• 1 English cucumber, cut into matchsticks
  • 2 Tbsp Siracha
  • 2 Tbsp rice wine vinegar
  • Cooking oil spray
  • 8oz fresh spinach
  • 1 Tbsp soy sauce
  • 2 tsp sesame oil
  • 2 medium carrots, peeled and cut into matchsticks
  • 1 clove garlic, minced
  • 1 pinch red pepper flakes
  • 1 cup cooked, shelled edamame (steamer bag)
  • 4 large eggs
  • 2 cups cooked barley (or quinoa, see note below)

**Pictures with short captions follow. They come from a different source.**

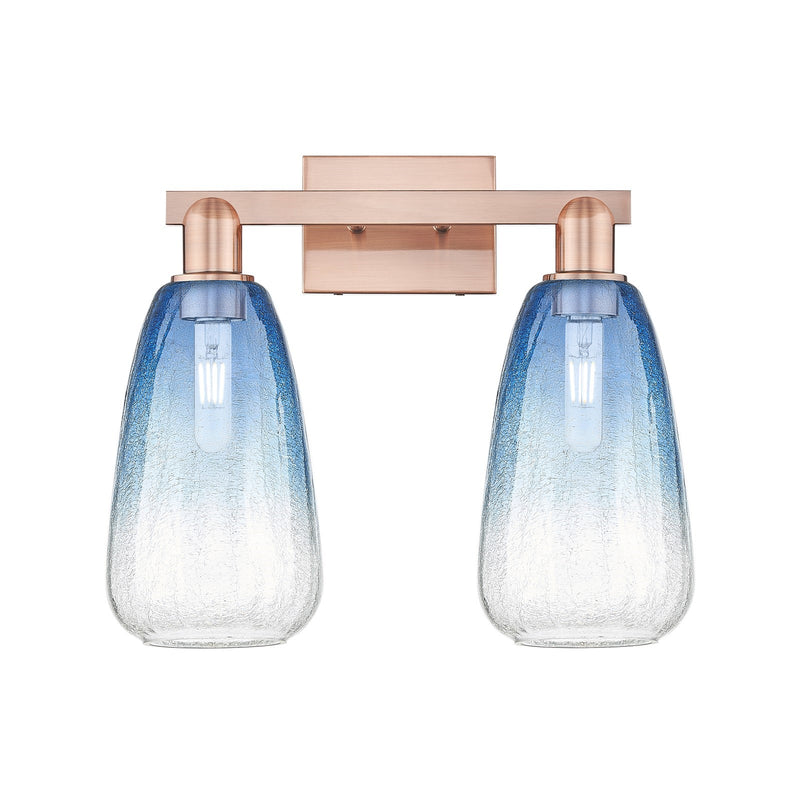Innovations Brookhaven Almond 17in 2-Light Bath Vanity Light | Industrial Antique Copper and Sapphire Blue Glass | Bathroom | Model 716-2W-AC-G480-6SB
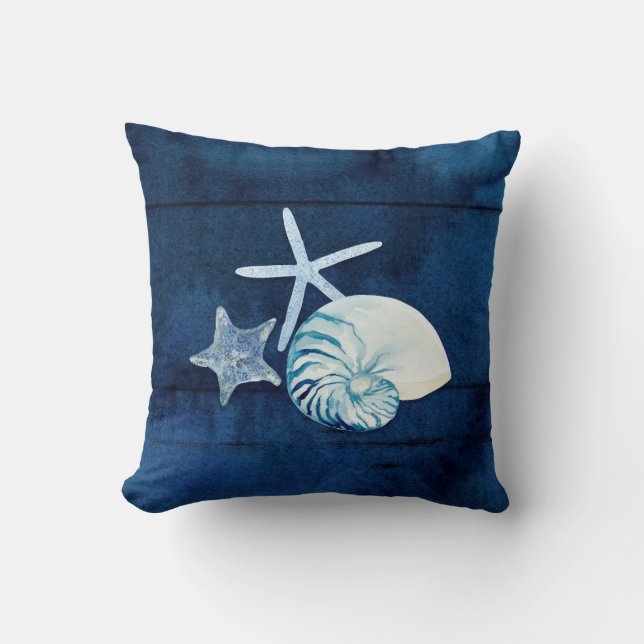 Almofada Seashell Beach House Marinho Coral Nautilus Starfi (Frente)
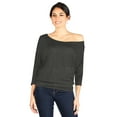 thumbnail image 2 of Dolman Tops for Women Sexy Off The Shoulder Tops Banded Waistband Shirts 3/4 Sleeves Regular and Plus Size Tops, 2 of 6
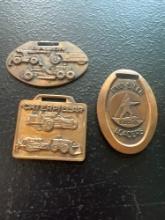 (3) Vintage Watch Fobs - Euclid Pivot Steer Loaders, Galion MFG., & Caterpillar Ohio Machinery Co.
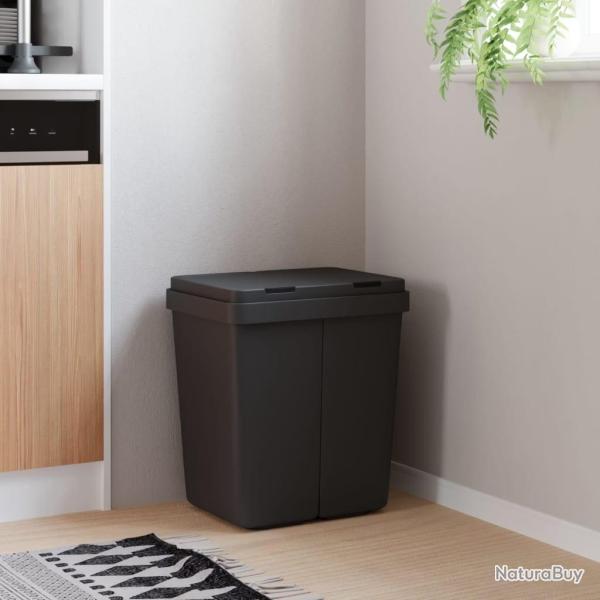 Poubelle double anthracite 2x25 L alsavelo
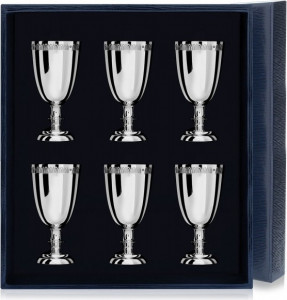 10649542 Аргента (Россия) Набор из 6 рюмок "Император" +футляр Серебро 925
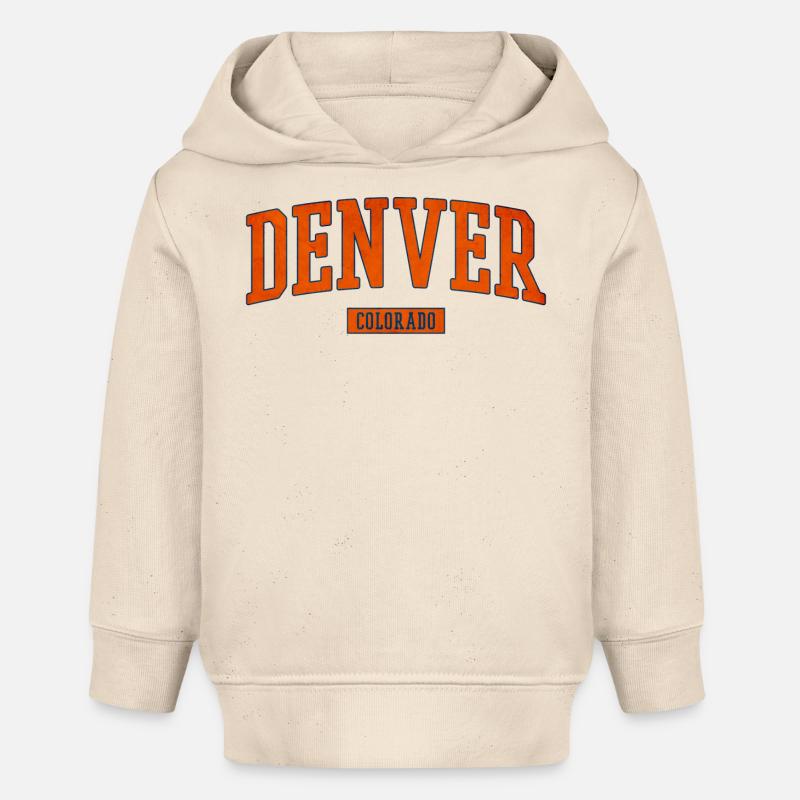Imprimé universitaire vintage de Denver, Colorado - Sweat à capuche bébé bio Stanley/Stella - écru doux
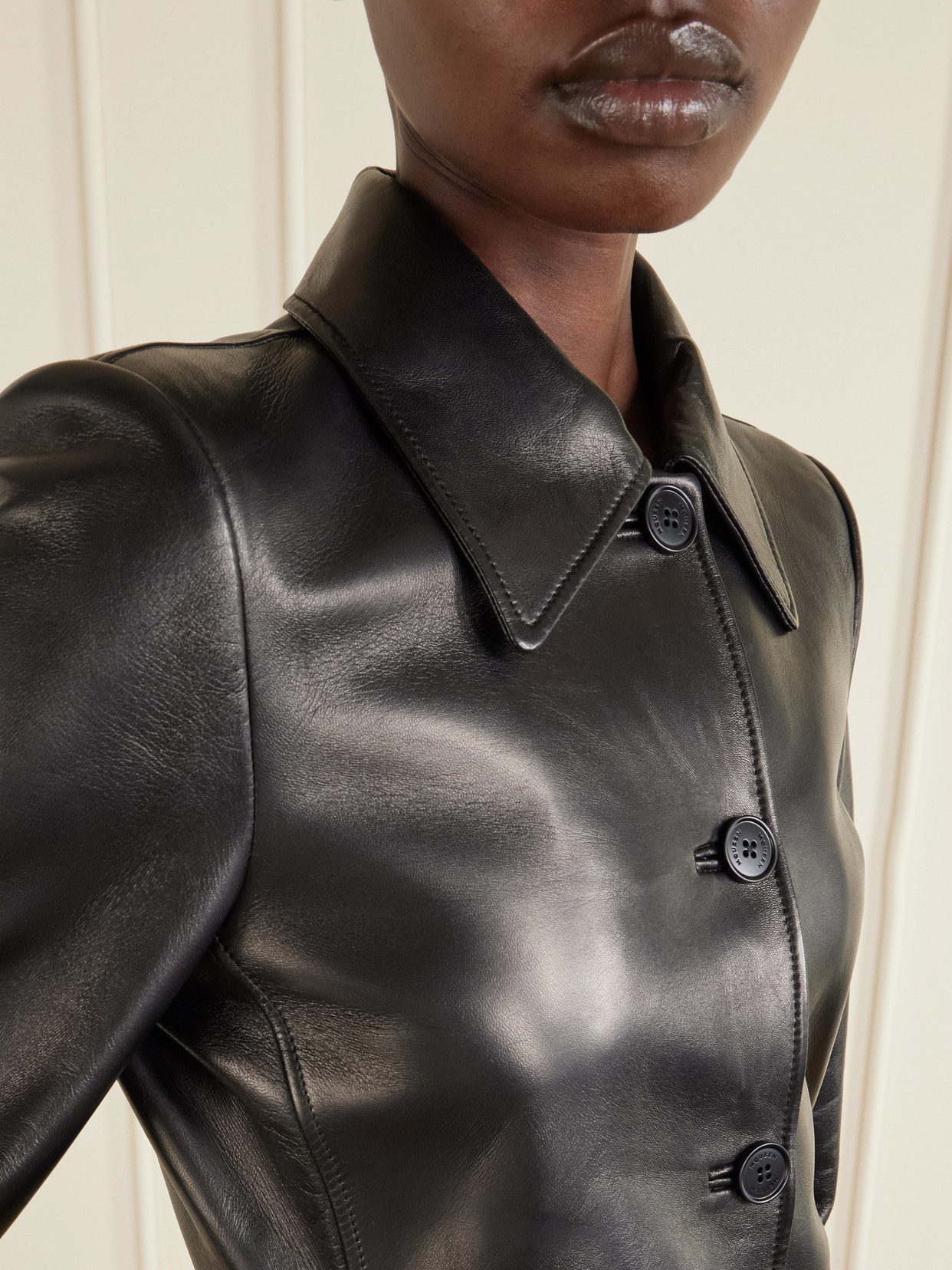 Alexander Mcqueen Paneled Leather Peplum Jacket In Black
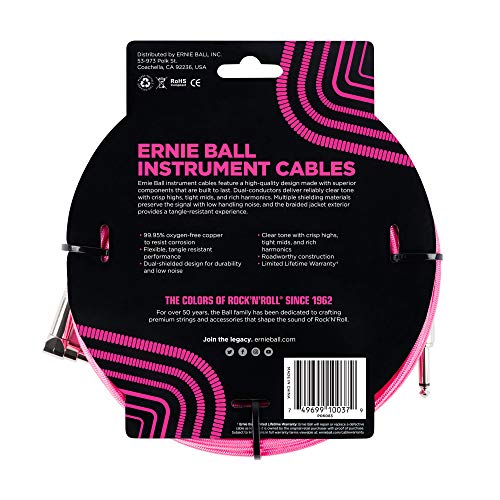 Image of Ernie Ball Braided Instrument Cable, Straight /Angle, 18ft, Neon Pink (P06083)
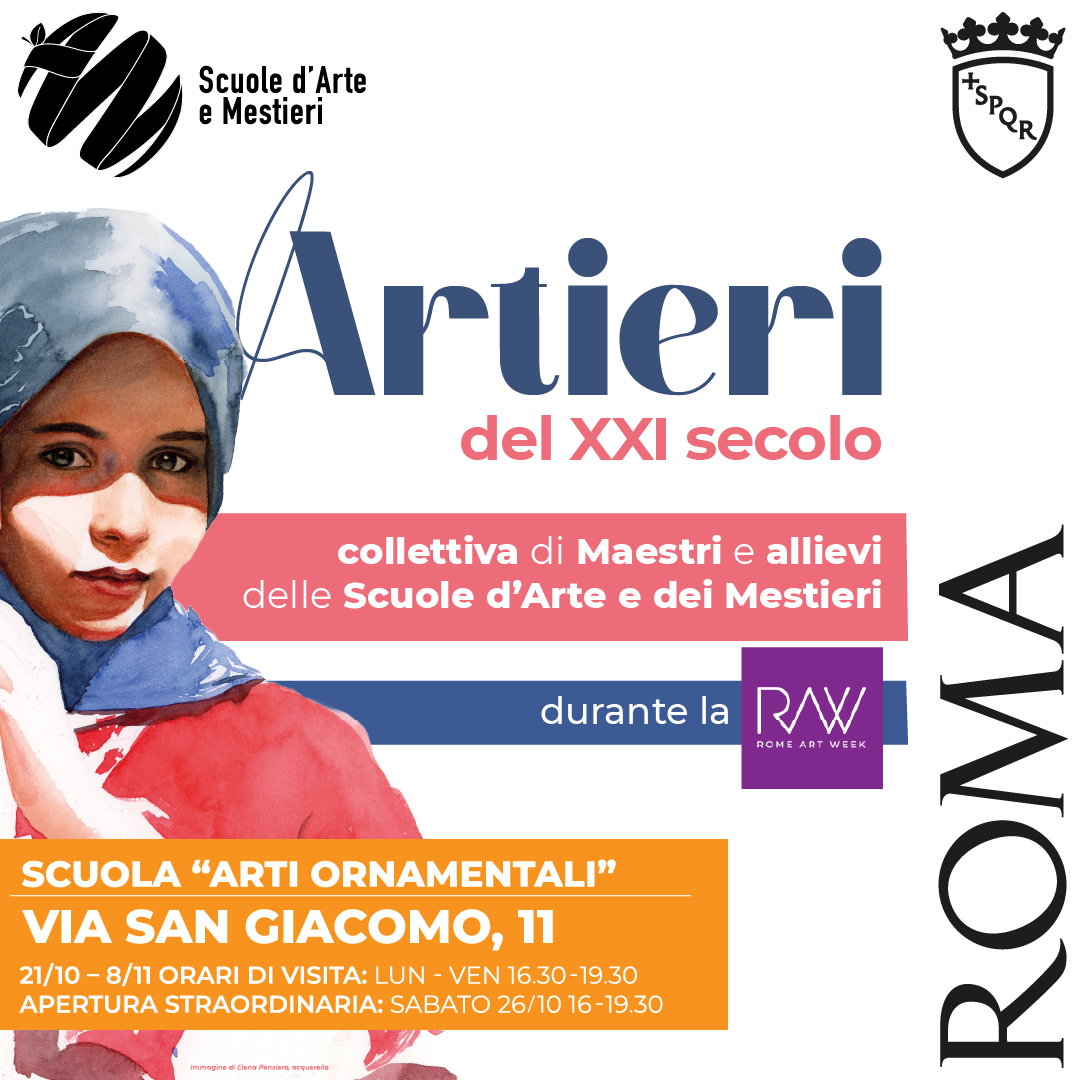 Roma's tweet photo. 🎨✂️💍 Scuole d’Arte e dei Mestieri di Roma Capitale, da oggi maestri e allievi in mostra insieme, in occasione della #RomeArtWeek. L'esposizione “Artieri del XXI secolo” illustra il percorso di ricerca dei maestri e dei 20 allievi scelti.
Info qui 👉https://t.co/m9Sbd6Jr9N https://t.co/J4X5GaUH0S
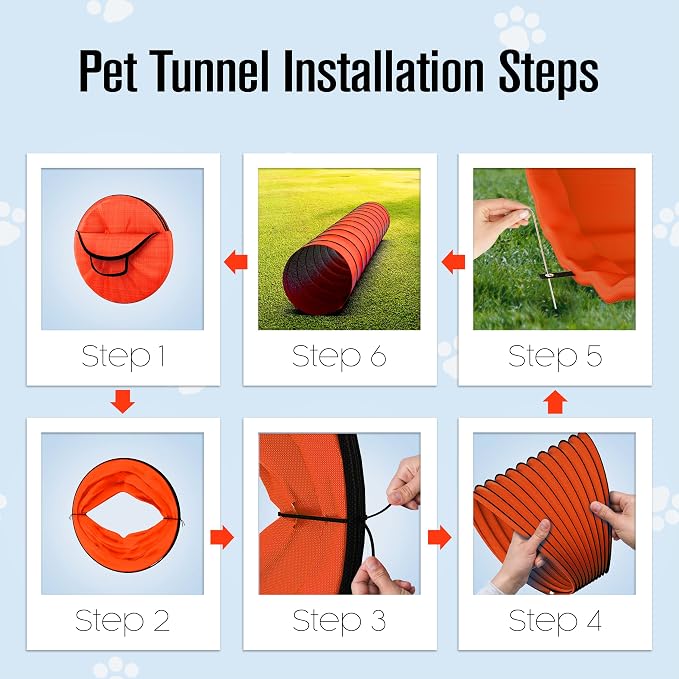 Houseables Dog Agility Tunnel, Dog Tunnel, Agility Equipment, 18 Feet, Puppy Obstacle Course, Crawling, Pet Playground, Small, Medium, Large, Indoor/Outdoor, Play, Pop Up Set, Exercise Tube, Toy, Red | Houseables Agility Equipment, Puppy Obstacle Cours...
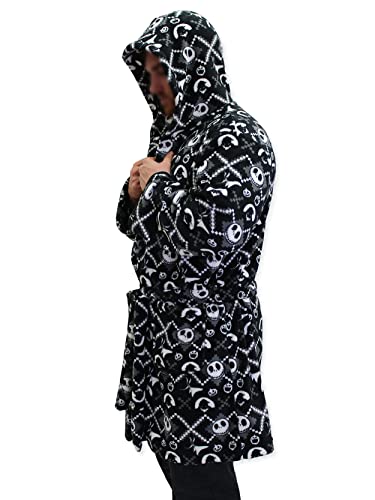 Disney Womens The Nightmare Before Christmas Jack Skellington - Plush Hooded Fleece Robe Adult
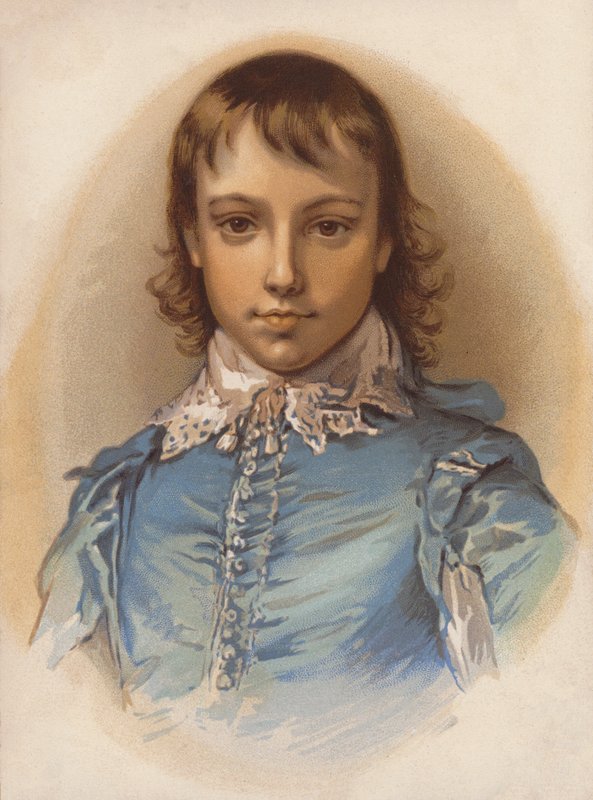 Sentimentaliserad version av Gainsboroughs Blue Boy (färglitografi) av English School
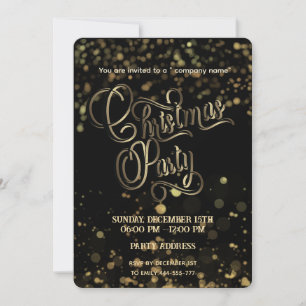 Gold/Schwarz-Bukett-Luxus-Weihnachtsgeschenk-Party Einladung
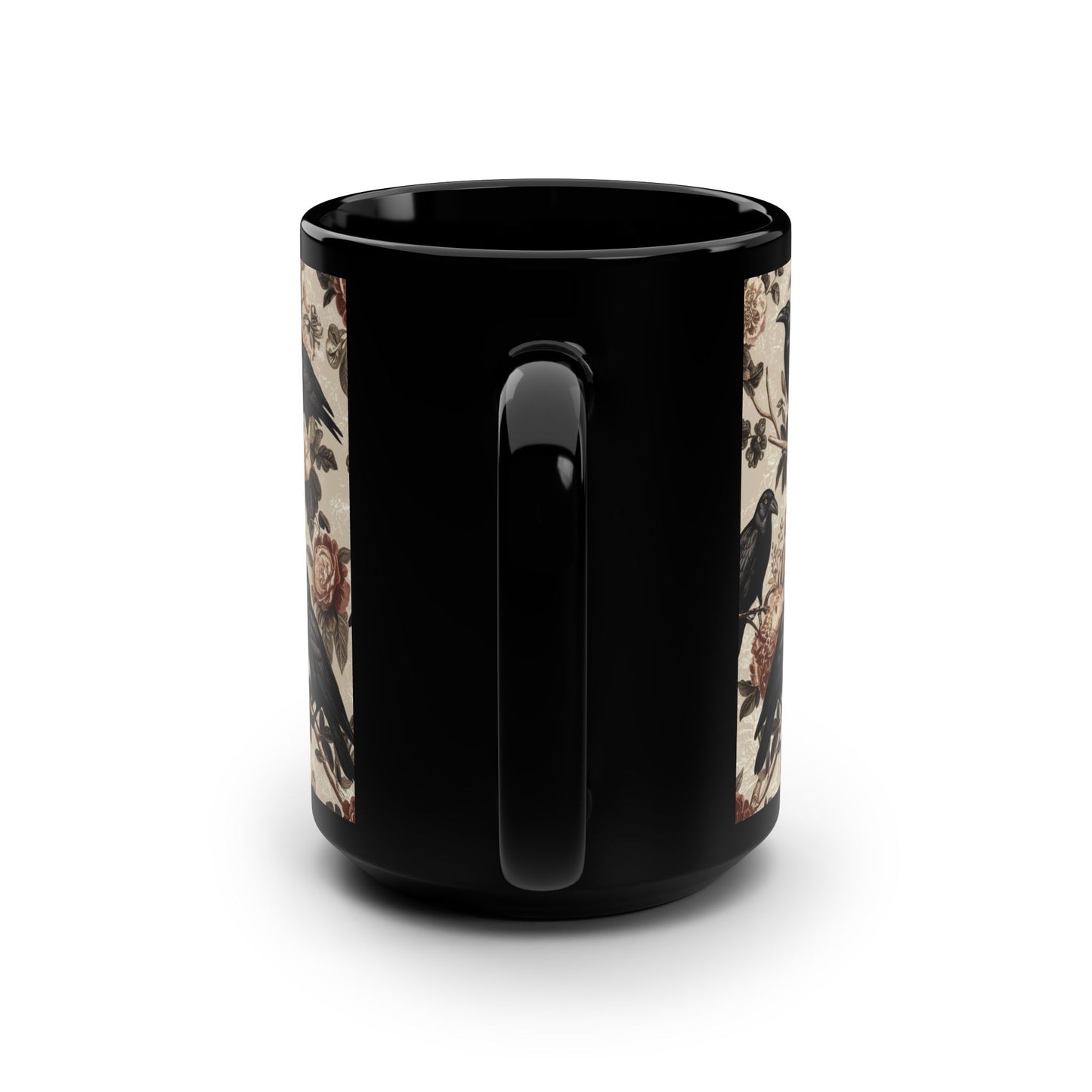 Floral Raven Mug, 15oz Black Mug, Perfect Gift for Halloween, Coffee Lovers, Home Decor, Gothic Style, Unique Present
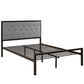 Modway Mia Upholstered Brown Beige Tufted Platform Bed with Metal Slat Support in Full MDY-MOD-5180-BRN-GRY-SET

In a small bowl combine the cucumber pieces, 2 tbsp Siracha, and rice wine vinegar. Stir and set aside.
Spray a large non-stick skillet with cooking spray and add spinach. Cook on medium heat until spinach is bright green and wilted, stirring frequently.
Remove spinach from heat and set aside in a small bowl. Stir in soy sauce and sesame oil.
Spray the same non-stick skillet with cooking spray again and cook carrot pieces over medium heat until softened (about 3 minutes). Add in garlic and cook about 1 minute more. Remove from heat.
Add cucumber pieces with juice to carrots and sprinkle with red pepper flakes. Set mixture aside.
In a separate, small non-stick pan, cook each egg over medium-low heat until the yolks are runny but the whites are firm (2-4 minutes each).
For assembly: set out 4 bowls. In each bowl measure ½ cup barley or quinoa. Top each with spinach, 3 tbsp edamame, and the carrot/cucumber mixture. Place 1 egg on top of each bowl. If you like your food spicy, drizzle extra Siracha on each bowl too!

Serving Size: 1 bowl
Makes 4 servings


Calories 283
Fat 10g
Saturated Fat 2g
Polyunsaturated Fat 2g
Monounsaturated Fat 3g
Cholesterol 186mg
Sodium 321mg
Potassium 642mg
Carbohydrate 36g
Fiber 8g
Sugar 4g
Protein 15g

Note: Using quinoa adds about 30 calories per serving. Cubed tofu could also be added as an additional protein.